Windows XPの「XP」は、エクスペリエンス(experience)、日本語にすると「体験」を意味している。これはパソコンを使うユーザ一人ひとりにとって「これまでにない最高の体験を得られる」ようにという意味でつけられた名前だ。では、ここでいう「最高の体験」とは何か。これをひと言で表すのは難しいが、「ユーザのやりたいこと、考えることが自然に実現できる環境を指している」と言えばよいだろうか。
Windows系のOSは、登場から長い月日が経ったことで、機能的にはもはやそれほど不満のないレベルにまで発達してきている。またパソコンの能力も、ユーザの要望を実現させるに足るだけの強力さを備えるようになった。だが、機能が増えた結果、利用したい機能がすぐに呼び出せなかったり、呼び出し方がわからなかったりして、結果としてその機能が利用できない、ということが多くなってきた。

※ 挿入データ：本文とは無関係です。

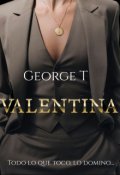 Portada del libro "Valentina"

呼び出せない機能は、ないのと同じ。実は、Windows XPでの新機能は、すでにWindows MEやWindows 2000でも何らかの形で利用できるようになっているものが少なくない。ただ、それらをより使いやすい形で体系的に実装しているのがWindows XPなのだ。以下にそれらの機能のうちの一部を紹介しよう。
高い信頼性を持つカーネル
Windows 95/98系のカーネルに対して、Windows NT/2000系列の流れを汲むWindows XPのカーネルは、段違いに高い信頼性を発揮する。特にタスク間のメモリ保護機能や大容量のメモリを管理する機能は、Windows 95/98系から乗り換えるユーザにとっては、大きな魅力となるだろう。
システムファイルの保護
アプリケーションをインストールするたびに、システムの動作に必要な共有ライブラリ(DLL)が置き換えられてしまい、既存のアプリケーションが動作しなくなってしまう──いわゆるDLLのバージョン問題は、これまでのWindowsシステムでは悩みの種だった。こうした問題はWindows MeやWindows 2000では、すでにある程度の対策が施されており、重要なDLLの置き換えに対してチェック機能が働くようになっていたが、こうした機能はもちろんWindows XPでも利用でき、しかもより信頼性が高められた。Windows XPでは、こうした機能は個々のハードウェアを駆動するドライバレベルにまで拡張され、例えば新しいハードウェア用のドライバをインストールしたことが原因でシステムが起動できなくなってしまったような場合、自動的に古いドライバに戻す「デバイスドライバのロールバック」機能が利用できるようになっている。また、システムの根幹に関わるような重要な設定については、システム復元機能によって、簡単にシステム変更前の状態に戻すことができる。
起動の高速化
これまでのWindowsシリーズに共通した欠点として、パソコンの電源を入れてから利用できるようになるまでの「起動時間」が遅い、ということがあった。特に、多くの機能をサポートするWindows 2000では、その起動時間はバカにならないものであった。Windows XPでは、Windows 2000よりもさらに多くの機能をサポートしながら、Windows 98を上回るほど高速にシステムを起動することができる。特に、最新のパソコンでサポートされる「クイック起動」BIOSとの組み合わせにおいて、起動時間の短縮は劇的だ。これまでは順番に初期化されてきた数々のハードウェアが、並行して初期化されるようになり、システムが利用できるようになるまでイライラしながら待つことがなくなった。